# Tough Deer



## Nwilkins (Jan 18, 2009)

Tough Deer


----------



## Chunky (Oct 15, 2006)

more like terrible shot...and looks like a field point to boot. Somebody needs some bowhunter education.


----------



## TexAg exiled in Arkansas (Mar 12, 2009)

no, somebody needs a whoopin'!


----------



## lucas_shane (Mar 9, 2009)

thats FREAKING CRAZY !!!
why in the world would a bow hunter be trying to take a head shot. your right they need an ***** whippin BAD


----------



## huntr4life (Apr 30, 2007)

Bad shot but that is one heck of a tough animal to have that. My wife shot a buck this year that had the antler and about a 1 inch round piece of the skull broken out and was going on like nothing was wrong.


----------



## Josh5 (Jun 27, 2007)

It is the appearance of a field tip that...uh...makes me mad. That doesn't help the cause. Weird things happen to arrows once they have been shot, hit a limb you didn't see, deer jumps the string etc. I can almost give a little benefit of the doubt on arrow impact vs aim, but the field tip just ain't right.


----------



## POCviking (Apr 17, 2008)

i am with Chunky on this one. That is terrible.


----------



## fuelish1 (Aug 3, 2004)

either a poacher, or some young kid just took a shot while target practicing...a shame either way


----------



## catchysumfishy (Jul 19, 2008)

Josh5 said:


> It is the appearance of a field tip that...uh...makes me mad.

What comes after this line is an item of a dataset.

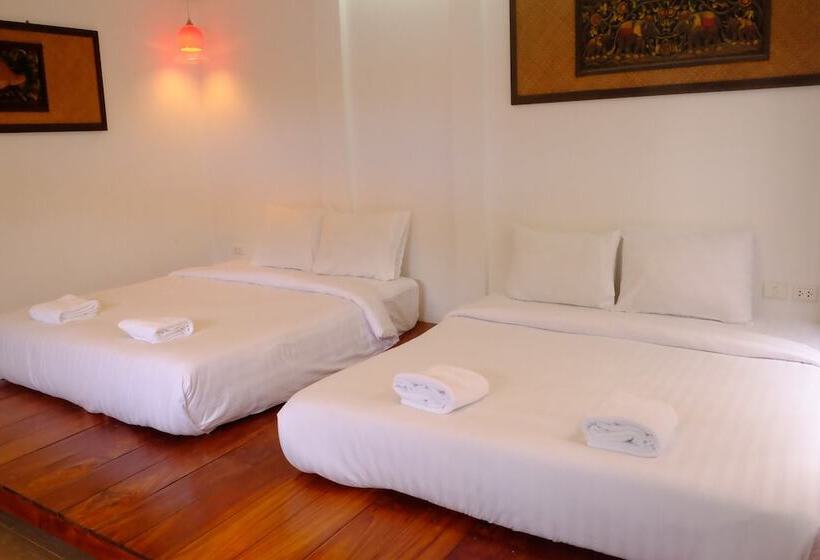 هتل Fah Talay Resort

That doesn't help the cause. * Weird things happen to arrows once they have been shot, hit a limb you didn't see, deer jumps the string etc*. I can almost give a little benefit of the doubt on arrow impact vs aim, but the field tip just ain't right.


X2, i totally agree! That's why i get peeved when people talk about taking head shots with bows!


----------



## Profish00 (May 21, 2004)

Photo chopped


----------